Year : 2019 | Volume
: 6 | Issue : 2 | Page : 51--52
Statistical need of the hour
Sanjeev Kumar Jain, Nidhi Sharma, Sonika Sharma
Department of Anatomy, Teerthanker Mahaveer Medical College, Teerthanker Mahaveer University, Moradabad, Uttar Pradesh, India
Dr. Sonika Sharma
Department of Anatomy, Teerthanker Mahaveer Medical College, Teerthanker Mahaveer University, Moradabad - 244 001, Uttar Pradesh
|How to cite this article:|
Jain SK, Sharma N, Sharma S. Statistical need of the hour.Acta Med Int 2019;6:51-52
|How to cite this URL:|
Jain SK, Sharma N, Sharma S. Statistical need of the hour. Acta Med Int [serial online] 2019 [cited 2022 Aug 17 ];6:51-52
Available from: https://www.actamedicainternational.com/text.asp?2019/6/2/51/271116
It would not be erroneous to say that statistics has established itself as an indispensable tool in the course of epistemological inquiry. Given our desire to explore maximum information about our world and beyond, formulating accurate inferences assumes special importance. Conventionally, hypothesis testing (which involves a set of tentative statements about the “truth” of a certain phenomenon) has occupied a dominant rank in inferential statistics. However, various arbitrary factors (apart from the effect that we are trying to measure) have an undesirable influence on the test statistic (such as z, t, or F), which makes it likely that we commit errors while deriving conclusions.
For the purpose of illustration, let us assume that a researcher wants to examine the efficacy of a newly invented drug, and he is also intent on seeing whether the administration of that drug could lead to more successful results than what merely placebo would offer. For this purpose, she employs an independent-samples t-test and concludes that there is a statistically significant difference in participants' health over a week (with the “drug group” faring better than the “placebo group”), leading him to conclude that the drug actually has a therapeutic advantage to offer. It should be noted that the t-statistic that she obtains (which forms the basis of his aforementioned conclusion) could be inflated because of a large sample size chosen for the purpose, leading to a smaller probability that a large t-statistic value occurred by mere chance/random factors.
As can be observed from the example discussed above, the inherent problem with hypothesis testing lies in the fact that our power to draw conclusions is limited by probabilistic reasoning. In other words, we can talk about the results only in terms of how likely or unlikely they are to occur, given that the null hypothesis (of no difference) is true. In our example, there is only a low probability (higher t-statistic) that our conclusion (the therapeutic effectiveness of the drug) could be wrong.
However, there still exists a possibility that this conclusion is false, and that the researcher is making Type I Error (believing that there is a significant effect when there is actually not), and the probability of such an error is generally 0.05 or 0.01. Thus, we cannot make definitive statements about the trueness or falseness of the phenomena that we are testing; we can only speak of them in terms of probability/likelihood.
To overcome the problem of deciding whether a difference in any measurable dependent variable is merely statistically significant or if it is actually practically important, confidence intervals (CIs) appear promising. Instead of supplying us with a probability value due to chance factors, they provide an estimated value of the parameter of interest. However, how do we reach an interval and the associated degree of confidence?

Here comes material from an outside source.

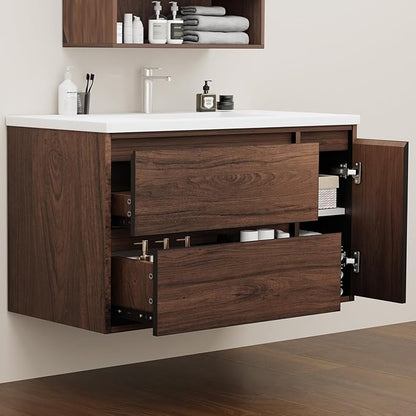36 Inch Floating Bathroom Vanity Cabinet Only, Wall Mounted Bathroom Cabinet, Large Capacity Storage Vanity – Walnut Finish, with 2 Drawers & Door Storage Compartment, Easy Assembly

We know that 95% and 99% of the scores lie within 1.96 and 2.58 standard deviations from the mean of 0. Based on the requirement of the degree of confidence, we could plug the values in the formula, and obtain a range of values. This final range specifies the two values within with our population parameter will fall in 95% (or 99%) samples recruited from the population. Because researchers generally tend to draw only one sample at a time, they can claim that “they can be 95% or 99% confident” that the population parameter lies within the given interval.
With respect to the above example, the researcher would be interested to obtain the estimated value of the difference between the means of two groups in 95% or 99% of the cases. As can be inferred, there are evident advantages of using CI over a t-test. First, we get a direct value of the population parameter we are trying to estimate (rather than an associated statistic such as z or t). Secondly, it is up to the researcher to decide whether the obtained population parameter (of difference, in this case) is practically important or not (unlike the t-value which only provides information about the statistical importance). Third, increasing the sample size (n) would give us a more precise range of values within with the obtained population parameter is likely to fall, unlike in hypothesis testing where increasing the sample size could result in Type I error.
Thus, by overcoming the problem of dichotomous reasoning (i.e., outright acceptance/rejection) of the null hypothesis, which is prone to error, CI help us reach a clearer range of values that can be expected to contain the target parameter.
We would like to acknowledge Sanya Jain (Psychology major) ex-student Daulat Ram College, Delhi University Delhi, for giving important feedback on this editorial.